Hi Marco,
Could you share the preconfiguration logs? They are printed in the
beginning of the taskmanagers' logs and contain a summary of the used
memory configuration?

Best,
Matthias

On Tue, Jan 26, 2021 at 6:35 AM Marco Villalobos <mvillalo...@kineteque.com>
wrote:

>
> I have a flink job that collects and aggregates time-series data from many
> devices into one object (let's call that X) that was collected by a window.
>
> X contains time-series data, so it contains many String, Instant, a
> HashMap, and another type (Let's call Y) objects.
>
> When I collect 4 X instances, and it contains 800000 Y instances, that
> equates to approximately 172 MB of data.
>
> That should be okay, because my machine has 32 GB ram, and I allocated 1.5
> GB to each task manager.
>
> However, it fails due to out of memory errors, and I think it happens
> during serialization. I am not sure if that's a coincidence or fact.
>
> I am using RocksDB state backend, as well Kryo serialization.
>
> I am already refactoring my code from Processing Time semantics to Event
> Time semantics, and I am trying to store smaller sized objects in keyed
> state, rather than this large object, but in the meantime, our machines
> have plenty of memory. What can I do to fix this?
>
> SAMPLE STACK TRACE
>
> 2020-12-17 02:45:55,524 WARN  org.apache.flink.runtime.taskmanager.Task
>                  [] - enrich information related to tag metadata to sensor
> time series (2/2) (b6ba76c4cc6bc7fdbd2c69332442742d) switched from RUNNING
> to FAILED.
> org.apache.flink.streaming.runtime.tasks.AsynchronousException: Caught
> exception while processing timer.
>         at
> org.apache.flink.streaming.runtime.tasks.StreamTask$StreamTaskAsyncExceptionHandler.handleAsyncException(StreamTask.java:1088)
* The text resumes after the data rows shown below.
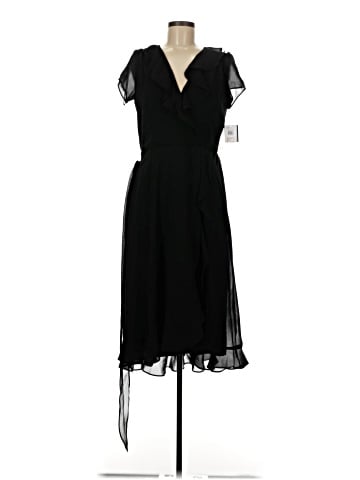 Gabby Skye Cocktail Dress (view 1)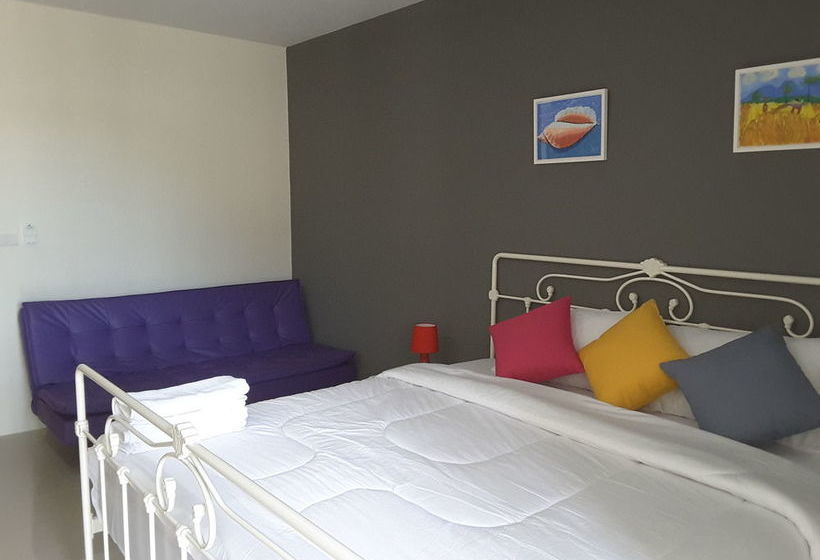 Hotel Khunpa Boutique 4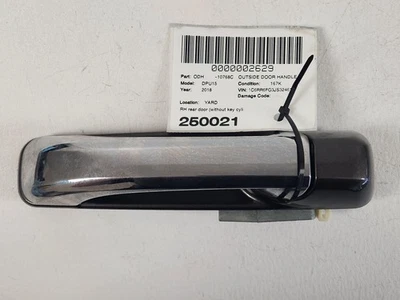 Dodge Ram 1500 2018 Foto 1 de 4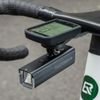 Rockbros FK-307S Nylon Bike Computer Holder - Black 5907769389771 - (290024001)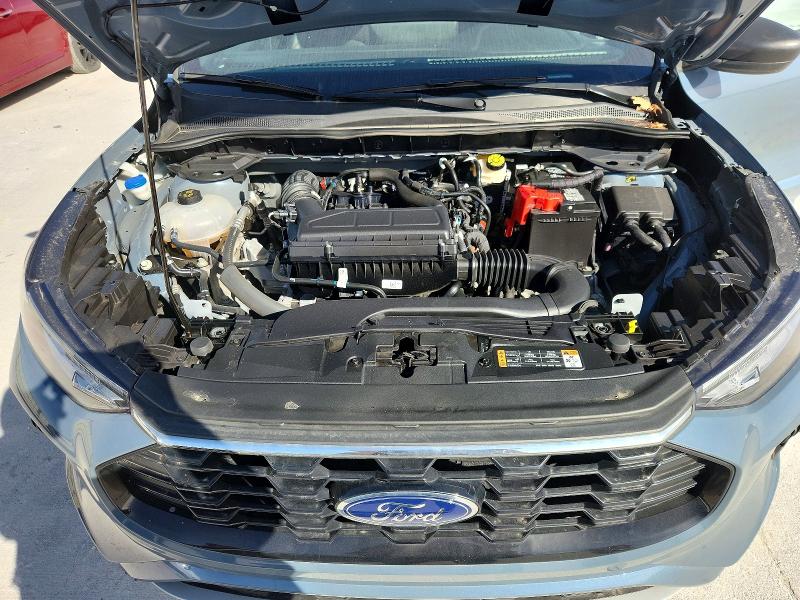 2023 Ford Escape მანქანა იყიდება აუქციონზე, vin: 1FMCU0MN8PUA23225, აუქციონის ნომერი: 78468265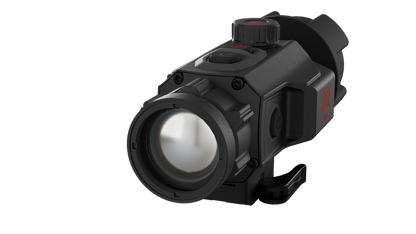 ATN TICO-6 384×288 1-12x – Nasadka Termowizyjna / Monokular 2w1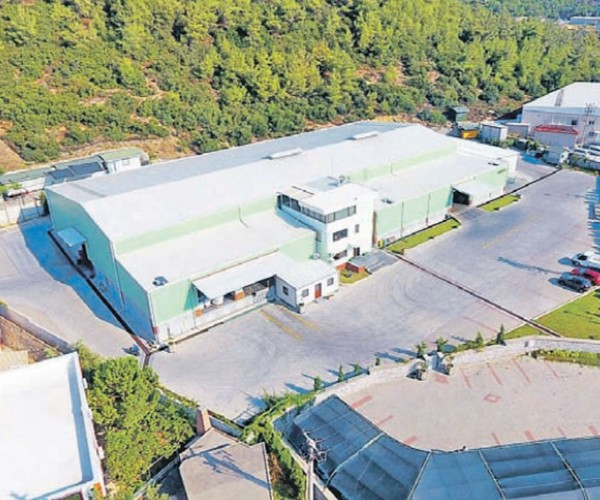 143 yıllık Alman devi Opta, Türk çelik şirketini satın alıyor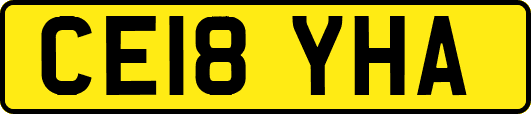 CE18YHA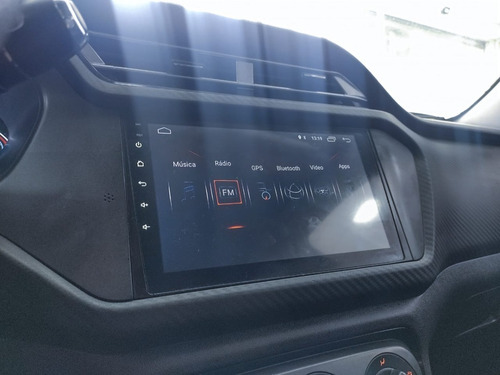 Imagem 12 de 17 de Chery Tiggo 2 Tiggo2 1.5 16v Look (flex)
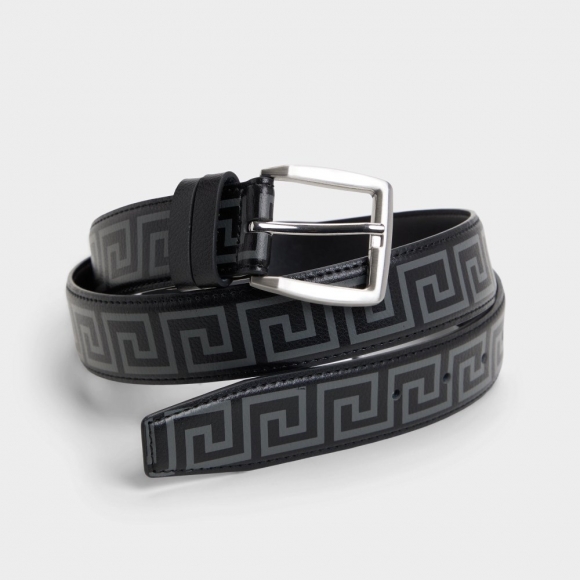Aldo Wawen - Black/silver multi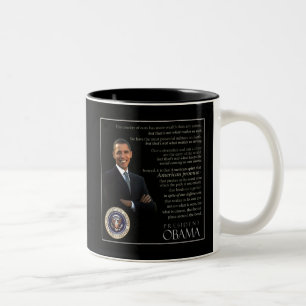 Obama Zitat Tasse - 6 von 6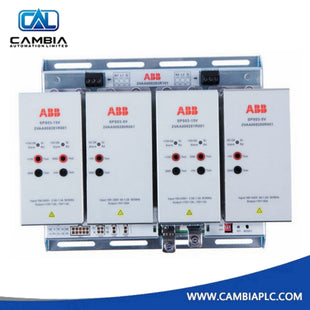 ABB 2VAA008281R001 Power Supply Unit (24V, 10A)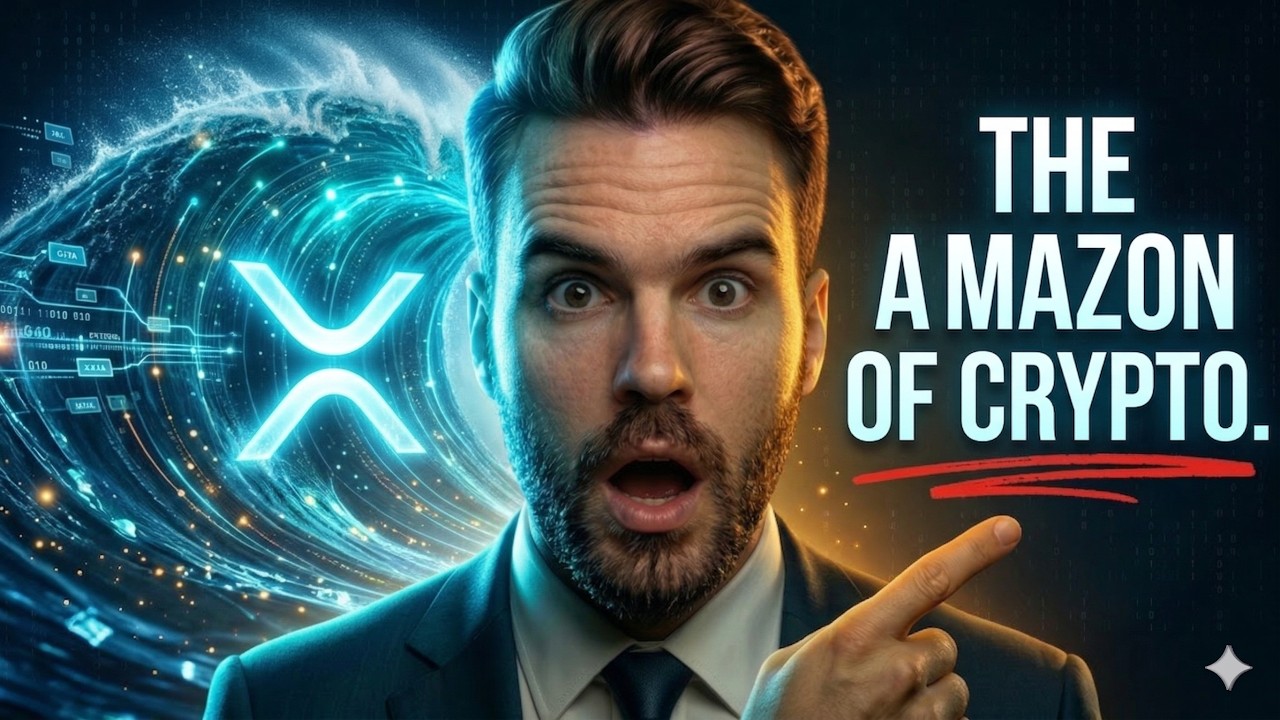 This Is How To Get RICH With XRP...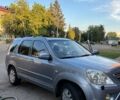 Серый Хонда СРВ, объемом двигателя 2 л и пробегом 251 тыс. км за 7500 $, фото 8 на Automoto.ua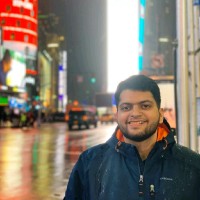 Harsh Sharma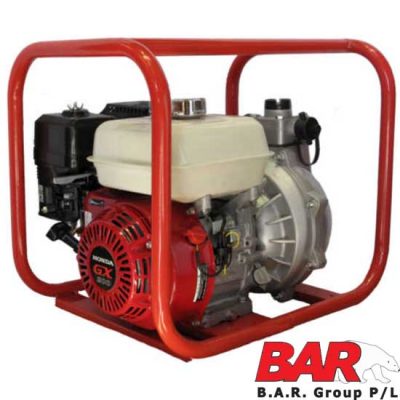 High Pressure Pump - Honda(Petrol) Item # 124 HP15652-H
> ~[flink-dist_2.12-1.11.0.jar:1.11.0]
>         at
> org.apache.flink.streaming.runtime.tasks.StreamTask.handleAsyncException(StreamTask.java:1062)
> ~[flink-dist_2.12-1.11.0.jar:1.11.0]
>         at
> org.apache.flink.streaming.runtime.tasks.StreamTask.invokeProcessingTimeCallback(StreamTask.java:1183)
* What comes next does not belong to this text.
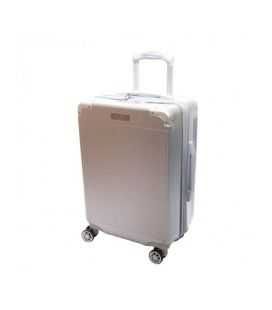 Валіза Airtex New Star 225 маленька S сіра картинка, зображення, фото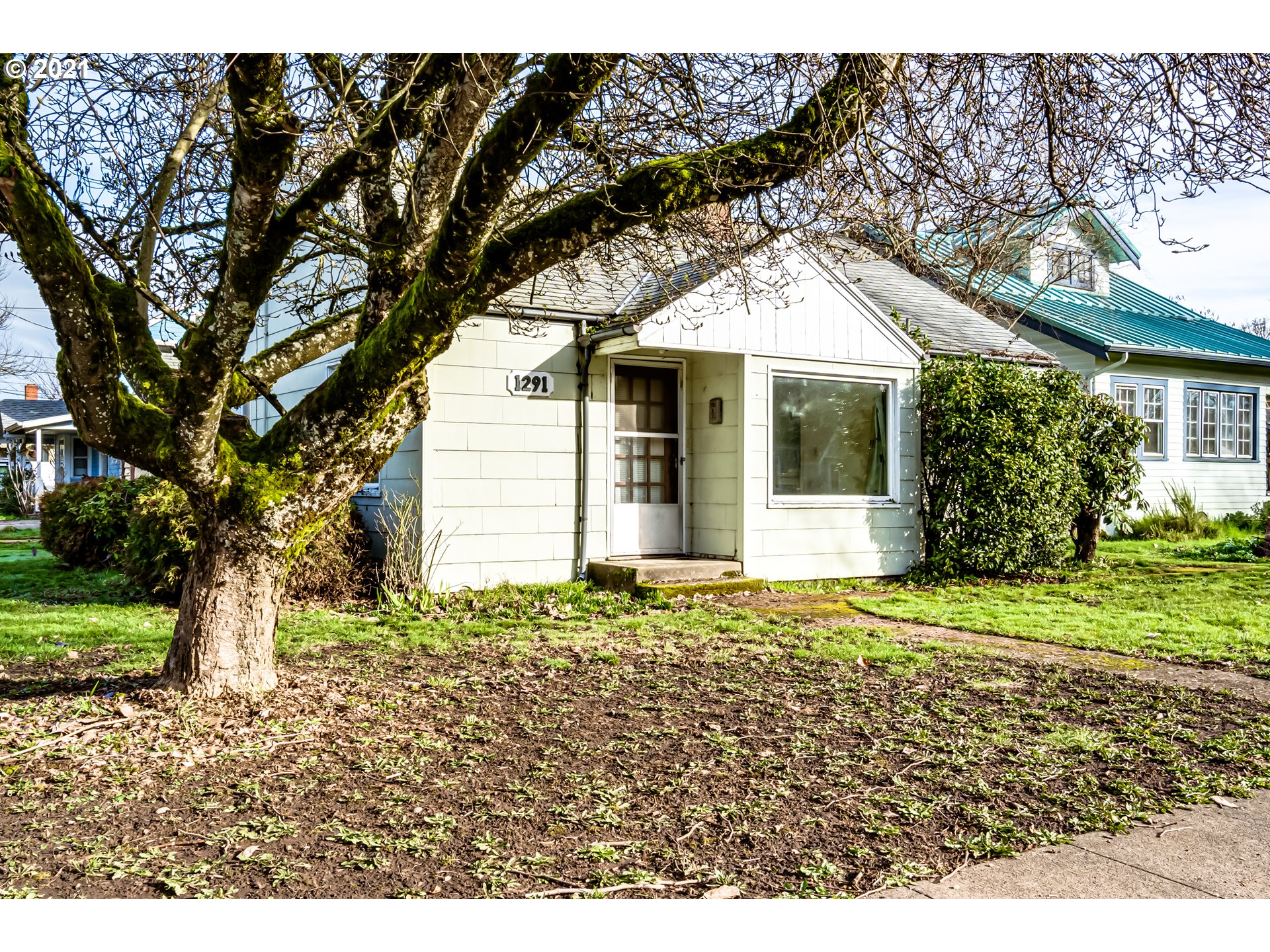 1291 West 4th Avenue Eugene, OR 97402 - Photo 2 of 20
> ~[flink-dist_2.12-1.11.0.jar:1.11.0]
>         at
> org.apache.flink.streaming.runtime.tasks.StreamTask.lambda$null$13(StreamTask.java:1172)
> ~[flink-dist_2.12-1.11.0.jar:1.11.0]
>         at
> org.apache.flink.streaming.runtime.tasks.StreamTaskActionExecutor$1.runThrowing(StreamTaskActionExecutor.java:47)
> [flink-dist_2.12-1.11.0.jar:1.11.0]
>         at
> org.apache.flink.streaming.runtime.tasks.mailbox.Mail.run(Mail.java:78)
> [flink-dist_2.12-1.11.0.jar:1.11.0]
>         at
> org.apache.flink.streaming.runtime.tasks.mailbox.MailboxProcessor.processMail(MailboxProcessor.java:270)
> [flink-dist_2.12-1.11.0.jar:1.11.0]
>         at
> org.apache.flink.streaming.runtime.tasks.mailbox.MailboxProcessor.runMailboxStep(MailboxProcessor.java:190)
> [flink-dist_2.12-1.11.0.jar:1.11.0]
>         at
> org.apache.flink.streaming.runtime.tasks.mailbox.MailboxProcessor.runMailboxLoop(MailboxProcessor.java:181)
> [flink-dist_2.12-1.11.0.jar:1.11.0]
>         at
> org.apache.flink.streaming.runtime.tasks.StreamTask.runMailboxLoop(StreamTask.java:558)
> [flink-dist_2.12-1.11.0.jar:1.11.0]
>         at
> org.apache.flink.streaming.runtime.tasks.StreamTask.invoke(StreamTask.java:530)
> [flink-dist_2.12-1.11.0.jar:1.11.0]
>         at org.apache.flink.runtime.taskmanager.Task.doRun(Task.java:721)
> [965ae4d.jar:?]
>         at org.apache.flink.runtime.taskmanager.Task.run(Task.java:546)
> [965ae4d.jar:?]
>         at java.lang.Thread.run(Thread.java:748) [?:1.8.0_252]
> Caused by: org.apache.flink.streaming.runtime.tasks.TimerException:
> java.lang.OutOfMemoryError: GC overhead limit exceeded
>         ... 12 more
> Caused by: java.lang.OutOfMemoryError: GC overhead limit exceeded
> 2020-12-17 02:45:55,554 INFO  org.apache.flink.runtime.taskmanager.Task
>                  [] - Triggering cancellation of task code enrich
> information related to tag metadata to sensor time series (2/2)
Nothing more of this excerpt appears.